The full listing, excluding its pictures, should be printed exactly as it stands.

DATA BLOCK:
===
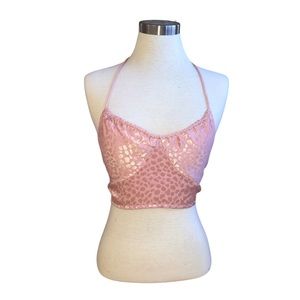 Brand new pink tied strappy top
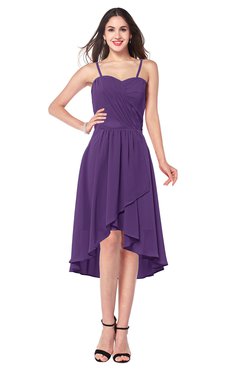 ColsBM Lavern Dark Purple Bridesmaid Dresses Sleeveless Asymmetric Ruching A-line Elegant Sweetheart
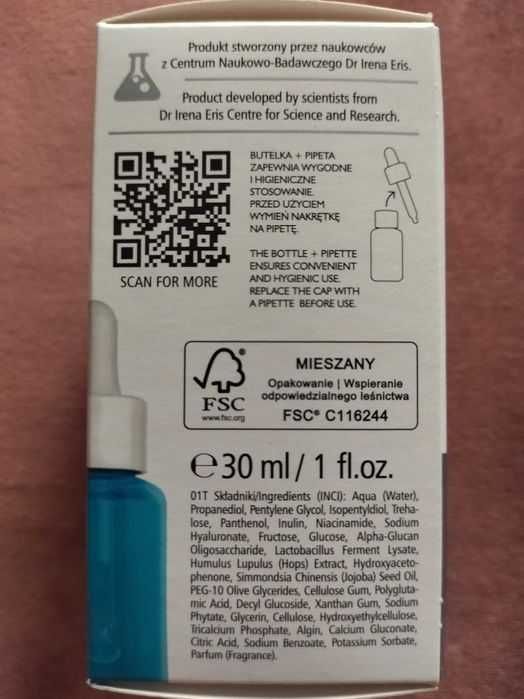 PHARMACERIS A HYALURO-SENSIBIOTIC intensywnie nawilżające serum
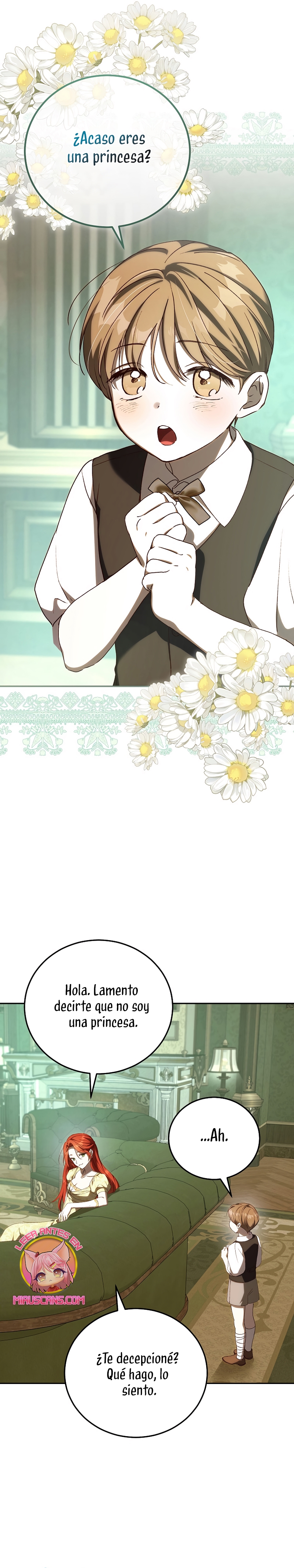 Como es algo que desconozco, ¿deberíamos separarnos, su majestad? Capítulo 48 - Page 19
===
RESPONSE:
 Brand new pink tied strappy top
 ColsBM Lavern Dark Purple Bridesmaid Dresses Sleeveless Asymmetric Ruching A-line Elegant Sweetheart
 PHARMACERIS A HYALURO-SENSIBIOTIC intensywnie nawilżające serum
 Como es algo que desconozco, ¿deberíamos separarnos, su majestad? Capítulo 48 - Page 19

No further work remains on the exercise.